- Classification: Division I
- Season: 1995–96
- Teams: 12
- Site: Louisiana Superdome New Orleans, Louisiana (USA)
- Champions: Mississippi State (1st title)
- Winning coach: Richard Williams (1st title)
- MVP: Dontae' Jones (Mississippi State)
- Attendance: 195,836
- Television: Jefferson Pilot Sports (Entire tournament) CBS (Championship game; available nationally and outside the SEC footprint)

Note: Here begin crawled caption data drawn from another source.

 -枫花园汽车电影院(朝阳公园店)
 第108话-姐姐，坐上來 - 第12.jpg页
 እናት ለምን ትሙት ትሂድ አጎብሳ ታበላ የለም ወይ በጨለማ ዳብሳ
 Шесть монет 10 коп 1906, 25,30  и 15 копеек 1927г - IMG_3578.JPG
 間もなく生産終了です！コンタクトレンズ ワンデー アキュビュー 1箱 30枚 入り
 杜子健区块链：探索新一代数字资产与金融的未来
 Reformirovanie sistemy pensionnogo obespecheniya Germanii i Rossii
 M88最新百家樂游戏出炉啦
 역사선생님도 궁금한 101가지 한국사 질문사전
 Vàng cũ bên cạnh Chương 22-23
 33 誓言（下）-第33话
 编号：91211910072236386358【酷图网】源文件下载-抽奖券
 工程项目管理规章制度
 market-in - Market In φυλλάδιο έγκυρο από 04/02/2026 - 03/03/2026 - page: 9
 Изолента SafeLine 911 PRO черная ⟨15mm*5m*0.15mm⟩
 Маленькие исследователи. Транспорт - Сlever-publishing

= 1996 SEC men's basketball tournament =

The 1996 SEC men's basketball tournament took place from March 7–10, 1996, at the Louisiana Superdome in New Orleans, Louisiana. The Mississippi State Bulldogs won the tournament title and received the SEC's automatic bid to the NCAA tournament by beating the Kentucky Wildcats by a score of 84–73. This was the first time the Mississippi State men's basketball team won the SEC tournament.

==Television coverage==
Jefferson Pilot Sports regionally broadcast and syndicated coverage of the first round, the quarterfinals, and the semi-finals. Play-by-play commentary was done by Tom Hammond with color analyst Joe Dean, Jr. The championship game was broadcast nationally on CBS, called by play-by-play commentator Sean McDonough and color analyst Bill Raftery.